Furthermore, the PostgreSQL dialect configuration overlaps with the ANSI
mode, which can be confusing sometimes.

Gengliang

On Tue, Nov 26, 2019 at 8:57 AM Xiao Li <lix...@databricks.com> wrote:

> +1
>
>
>> One particular negative effect has been that new postgresql tests add
>> well over an hour to tests,
>
>
> Adding postgresql tests is for improving the test coverage of Spark SQL.
> We should continue to do this by importing more test cases. The quality of
> Spark highly depends on the test coverage.

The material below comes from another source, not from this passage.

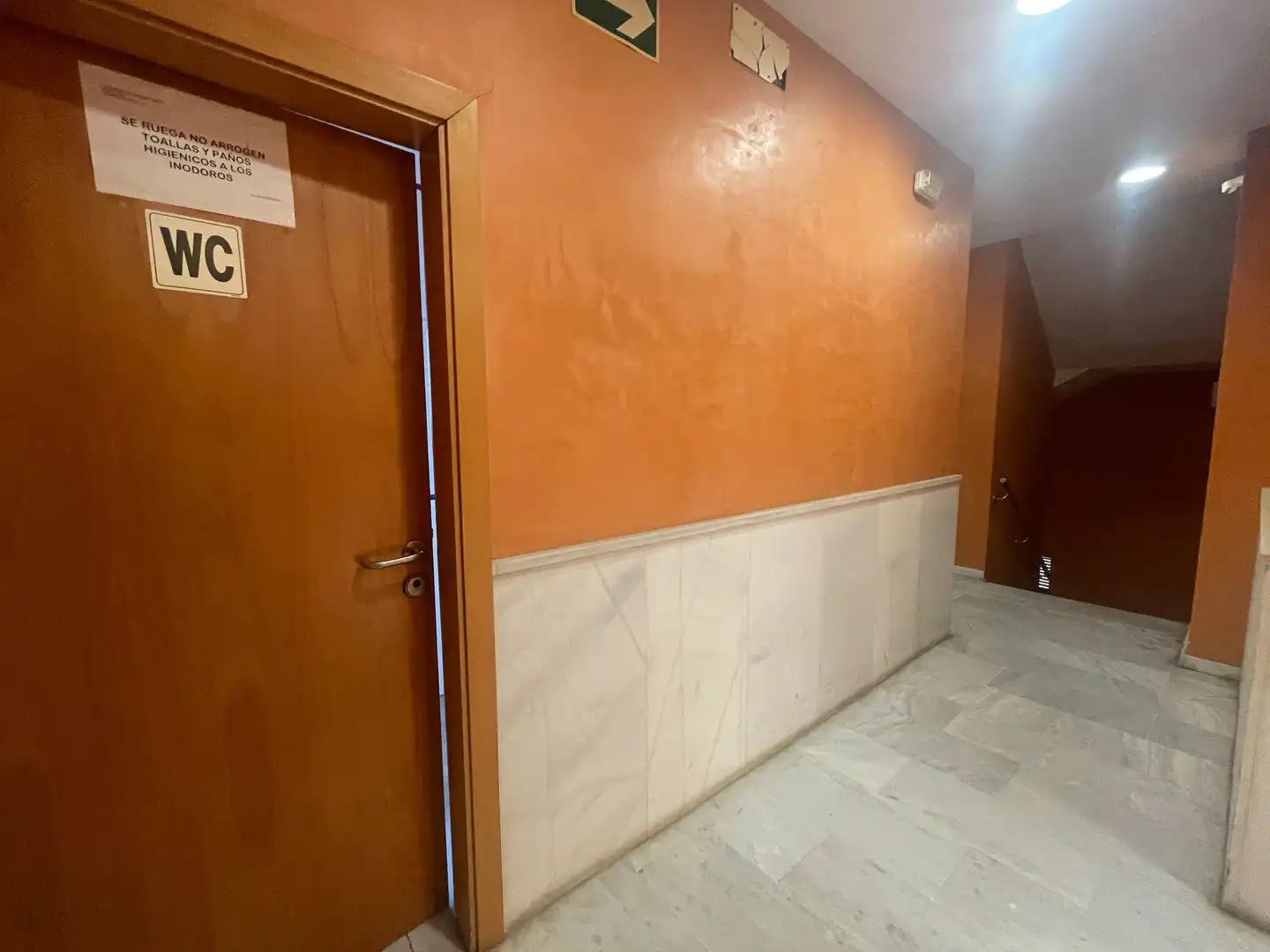 Oficina de alquiler en Bormujos con Aire acondicionado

We can further paralyze the test
> execution to reduce the test time.
>
> Migrating PostgreSQL workloads to Spark SQL
>
>
> This should not be our current focus. In the near future, it is impossible
> to be fully compatible with PostgreSQL. We should focus on adding features
> that are useful to Spark community. PostgreSQL is a good reference, but we
> do not need to blindly follow it. We already closed multiple related JIRAs
> that try to add some PostgreSQL features that are not commonly used.
>
> Cheers,
>
> Xiao
>
>
> On Tue, Nov 26, 2019 at 8:30 AM Maciej Szymkiewicz <mszymkiew...@gmail.com>
> wrote:
>
>> I think it is important to distinguish between two different concepts:
>>
>>    - Adherence to standards and their well established implementations.
>>    - Enabling migrations from some product X to Spark.
>>
>> While these two problems are related, there are independent and one can
>> be achieved without the other.
>>
>>    - The former approach doesn't imply that all features of SQL standard
>>    (or its specific implementation) are provided. It is sufficient that
>>    commonly used features that are implemented, are standard compliant.

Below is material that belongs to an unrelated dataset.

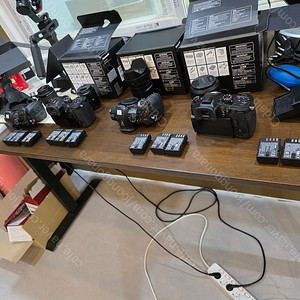 파나소닉 GH5 여러대 및 루믹스 라이카 팝니다.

>>    Therefore if end user applies some well known pattern, thing will work as
>>    expected. I
>>
>>    In my personal opinion that's something that is worth the required
>>    development resources, and in general should happen within the project.
>>
>>
>>    - The latter one is more complicated. First of all the premise that
>>    one can "migrate PostgreSQL workloads to Spark" seems to be flawed. While
>>    both Spark and PostgreSQL evolve, and probably have more in common today,
>>    than a few years ago, they're not even close enough to pretend that one 
>> can
>>    be replacement for the other. In contrast, existing compatibility layers
>>    between major vendors make sense, because feature disparity (at least
>>    when it comes to core functionality) is usually minimal. And that doesn't
>>    even touch the problem that PostgreSQL provides extensively used extension
>>    points that enable broad and evolving ecosystem (what should we do about
>>    continuous queries? Should Structured Streaming provide some compatibility
>>    layer as well?).
>>
>>    More realistically Spark could provide a compatibility layer with
>>    some analytical tools that itself provide some PostgreSQL compatibility,
>>    but these are not always fully compatible with upstream PostgreSQL, nor
>>    necessarily follow the latest PostgreSQL development.
>>
>>    Furthermore compatibility layer can be, within certain limits (i.e.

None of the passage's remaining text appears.